<<<<

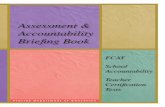 Assessment & Accountability Briefing Book
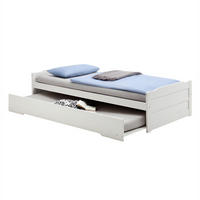 TANDEMBETT LORENA 90X190 CM - Weiß, Holz (99/48/195cm) - IDIMEX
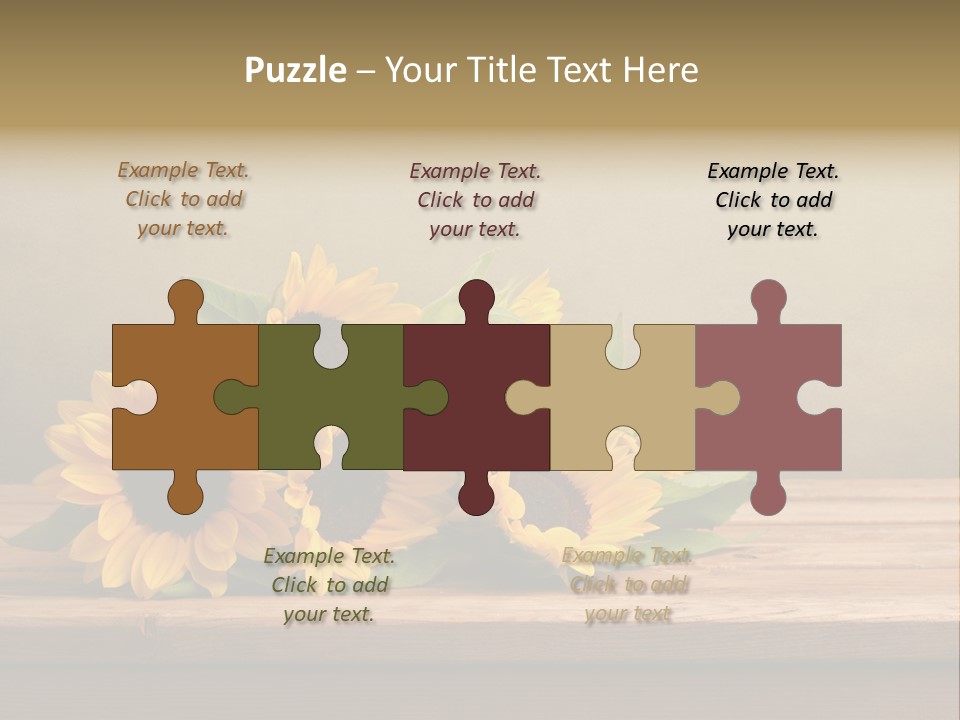 Bouquet Autumn Layout PowerPoint Template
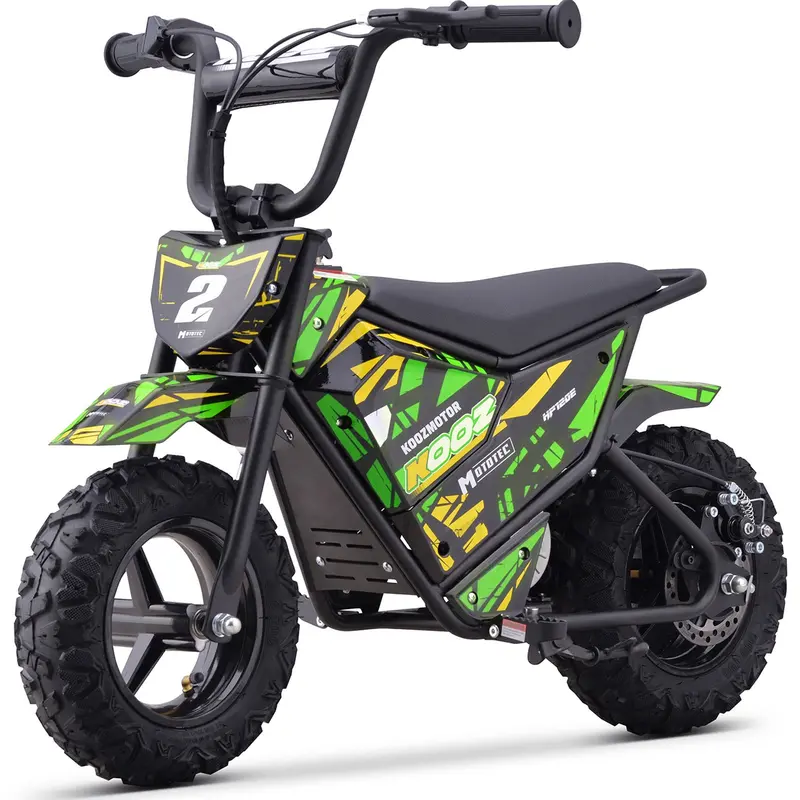 Mototec 24V 250W (Hp120e) Electric Powered Mini Bike Green 1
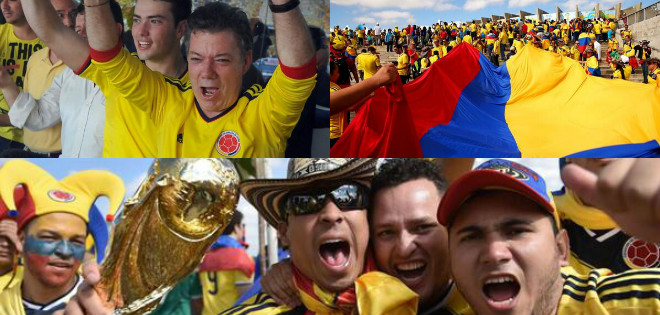 Así los fanáticos colombianos animan a su selección
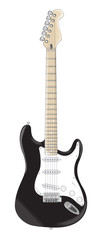 Chitarra nera - vettoriale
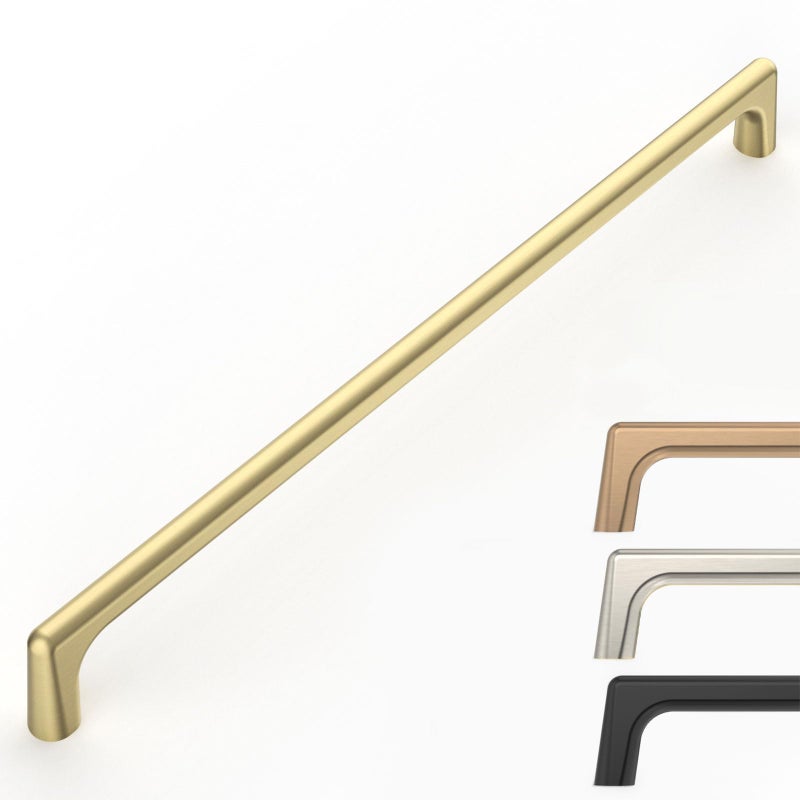 9BUILD 10 Pack Brushed Gold Cabinet Pulls 10 Inch Kitchen Cabinet Handles Cabinet Hardware Kitchen Handles for Cabinets Cupboard Handles Gold Dresser Pulls Drawer Handle - Image 2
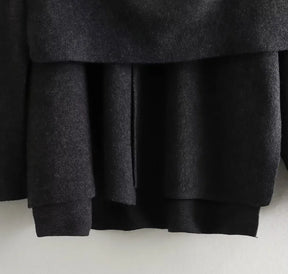 Casaco com Gola Assimétrica – Inverno com Estilo e Conforto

>>>>

→ ASSIGNMENT
Take the lines from the one containing "Chitarra nera - vettoriale" through the final line of the listing above and print them exactly, including both ends but no pictures.

→ COMPLETED TASK
 Chitarra nera - vettoriale
 9BUILD 10 Pack Brushed Gold Cabinet Pulls 10 Inch Kitchen Cabinet Handles Cabinet Hardware Kitchen Handles for Cabinets Cupboard Handles Gold Dresser Pulls Drawer Handle - Image 2
 Casaco com Gola Assimétrica – Inverno com Estilo e Conforto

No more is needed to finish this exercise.